In early summer 2018, I was mooching on my work computer…in my lunch break I have to add in case my boss sees this. I once again was feeling directionless, so what was I searching for?… some learning! Again, the usual suspects appeared, but one course stood out – Level 1 Certificate in BSL. Brilliant! I got it booked and strolled into the first lesson thinking I had totally got this after my 6-week course 4 years earlier. The clock struck 7pm, in walked my teacher fluently signing about the fire escape, and for the second time in my life, I was slapped in the face by the realisation I was still ignorant and wrong. I spent the most amazing academic year learning very basic conversational skills and earning my first certificate, but by then that was simply not enough. I had fallen in love with the language and the realisation that there was an entirely different deaf world out there that I wanted to explore.

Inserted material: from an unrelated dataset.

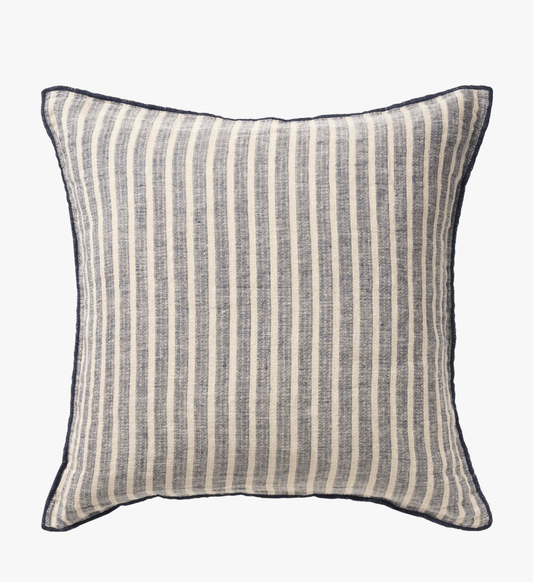 Indigo Stripe Linen Cushion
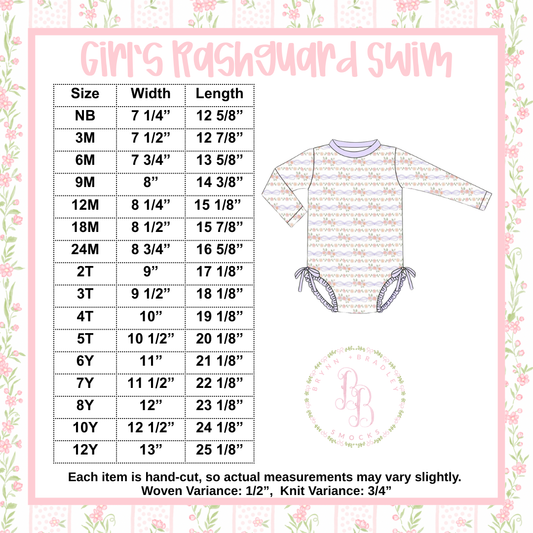 Girl Rashguard Swimsuit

2019… After realising that I wanted to explore the world of BSL further, I booked onto my Level 2 Certificate in BSL at Heathlands School in St Albans and this was where I was to receive not just a slap against ignorance, but a full-on punch in the face, when I met that year’s teacher for the first time. Although I have no doubt he wouldn’t mind a bit of free publicity, I will not name him, and instead, just state that as the first actual deaf person and teacher I had met he had me in awe. He showed me the wonder of the deaf community and the richness of deaf culture. He was so proud to be deaf, a concept I struggled with initially, and this was one of the best lessons he passed on. The impact of his insights into his world and mind cannot be overstated and it was not just the language but him who inspired me to go on to complete Level 3 with another outstanding teacher who has dedicated her life to the deaf community…level 4 begins September.

Now, I know you are thinking ok, but all this theory still hasn’t actually touched the deaf community, however, you’d be wrong! In 2020, I heard the news that a new employee starting in my office was deaf. On her first day, I bounded down the stairs and burst in on her frantically signing away. After the initial shock wore off, she beamed and a friendship was formed.

So, what does signing mean to me? It means a brick in a bridge, having ignorance knocked out of me, teaching heroes, beautiful friends, and a whole lot more people and life I can connect to. Where will me and BSL end up in the future? Who knows, but I can’t wait to find out.